Carrot Cake with Cream Cheese Frosting Tips
What's the trick to a moist carrot cake with cream cheese frosting?
Cakes made with oil tend to retain more moisture than cakes made with butter or shortening. Ingredients such as sour cream or buttermilk are also key ingredients to a moist carrot cake because they contain acids that tenderize the developing gluten in the flour.
What is a good substitute for cream cheese frosting?
Instead of cream cheese frosting, use a traditional
buttercream frosting or try your hand at
Swiss meringue buttercream frosting.
What's the best oil for carrot cake with cream cheese frosting?
Canola oil is best for this carrot cake because it has a nice, neutral flavor which doesn’t interfere or clash with any of the other flavors going on in the cake. If you prefer a butter-based carrot cake, check out our recipe for
three-layered carrot cake. To convert oil measurements to butter, the general rule is 1 cup butter to 3/4 cup oil.

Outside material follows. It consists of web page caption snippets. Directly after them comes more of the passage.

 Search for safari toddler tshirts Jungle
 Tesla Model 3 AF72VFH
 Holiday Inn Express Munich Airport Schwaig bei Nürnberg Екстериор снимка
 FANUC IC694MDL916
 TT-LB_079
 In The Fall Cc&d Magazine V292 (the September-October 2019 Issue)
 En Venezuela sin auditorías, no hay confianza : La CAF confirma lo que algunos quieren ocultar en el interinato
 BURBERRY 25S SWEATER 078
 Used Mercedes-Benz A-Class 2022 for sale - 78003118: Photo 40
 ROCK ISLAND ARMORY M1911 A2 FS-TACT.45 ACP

How do I make the frosting less sweet?
To keep the frosting from becoming too sweet, cut back on the confectioners’ sugar slightly (a few tablespoons may be enough to make a difference). As you prepare the frosting, add a little sugar at a time and taste as you go. Also, you could add a teaspoon of lemon juice to the frosting because the acidity in the juice counters the sweetness of the sugar. If the frosting still seems too sweet, simply decrease the amount you use on your cake.

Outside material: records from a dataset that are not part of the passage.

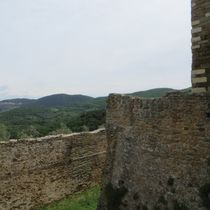 Immagine descrittiva per percorso
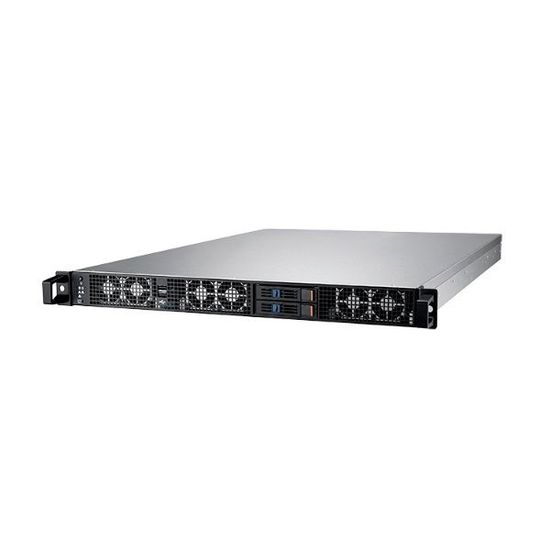 SKY-6100-R12A1E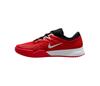 Nike Air Zoom Vapor Pro 3 (M) (Red)
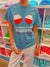 SHOW ME YOUR BOBBERS T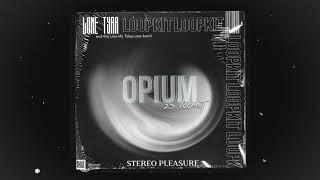 10+ FREE Guitar Loop KitSample Pack 2021 Opium prod.rt production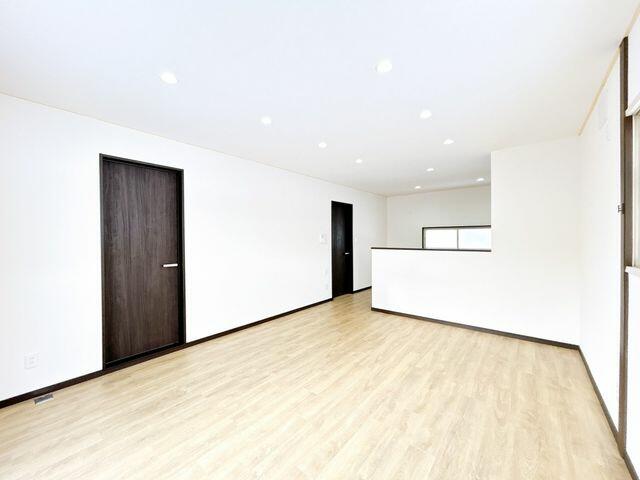 Cheap house for sale in Abira, Hokkaido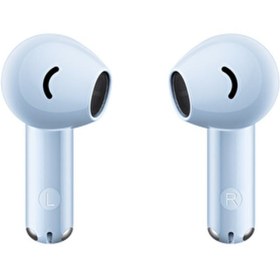Resim Huawei Freebuds Se 2 Ada Mavisi 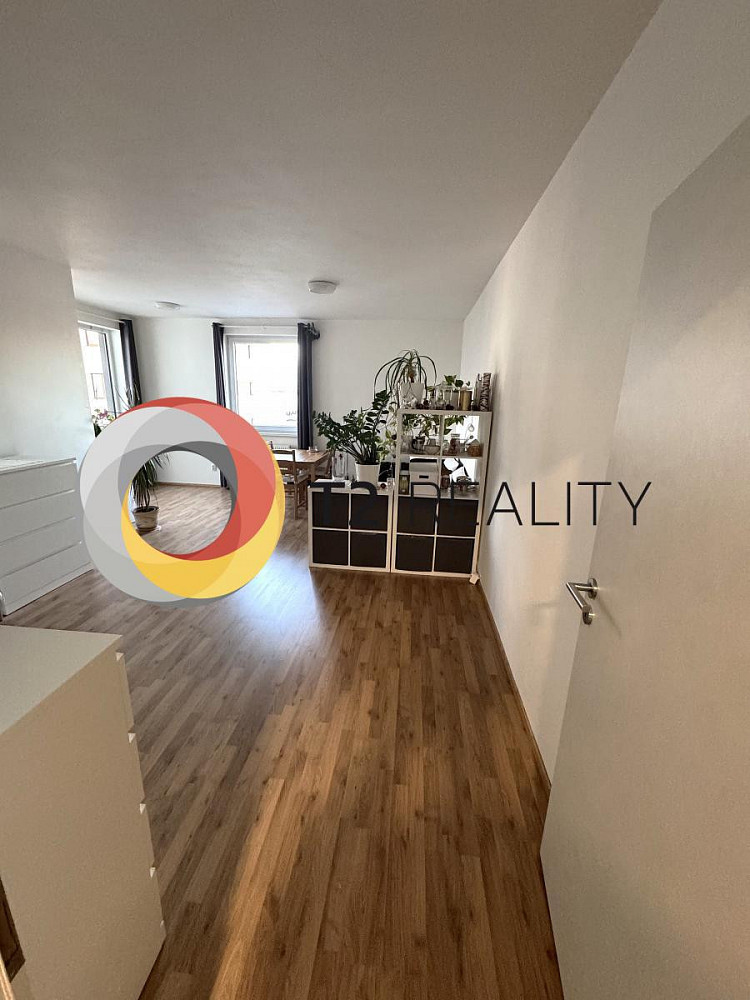 Prodej bytu 2+kk 60 m² – fotografie 2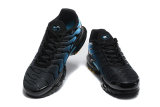 5A Air Max Plus Sneakers
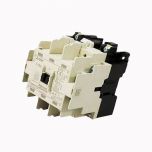 S-T80 AC48V Khởi động từ Contactor Mitsubishi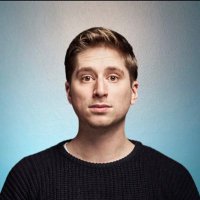 Chris Wilson (@imchriswilson) 's Twitter Profile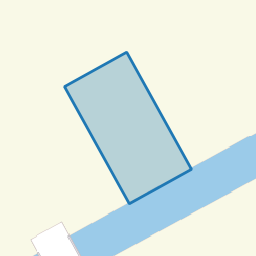 Perceel ASD01-N-7093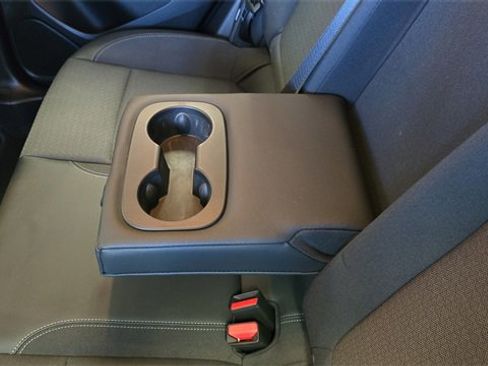 Used 2023 Buick Encore GX Select w/ Sport Touring Package image 19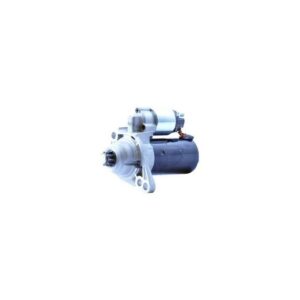 Product image – product image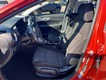 2023 Kia Forte LXS thumbnail image 13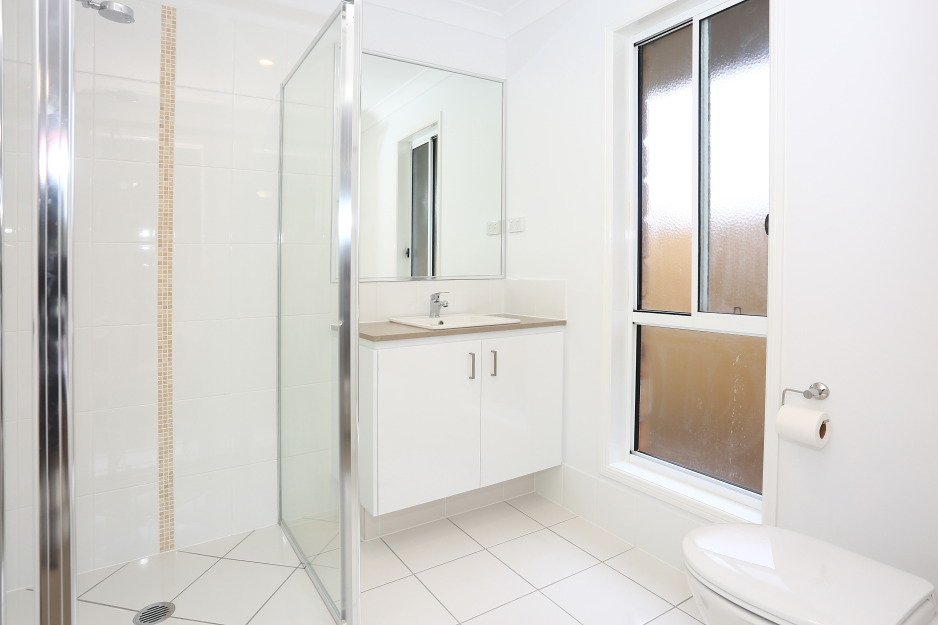 5 Orion Court MOLENDINAR 12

How do I prevent my frosting from getting runny?
Because it is made in a mixer, cream cheese frosting can become runny if overmixed. Mix just until all of the confectioners’ sugar has been incorporated, and you have whipped in some air for stability. To thicken your frosting, pop the bowl in the refrigerator for 5 to 10 minutes. This will allow the butter and cream cheese to firm up a bit more.
—
Lisa Kaminski, Taste of Home Editor
Nutrition Facts
1 piece: 531 calories, 28g fat (7g saturated fat), 67mg cholesterol, 203mg sodium, 68g carbohydrate (54g sugars, 1g fiber), 5g protein.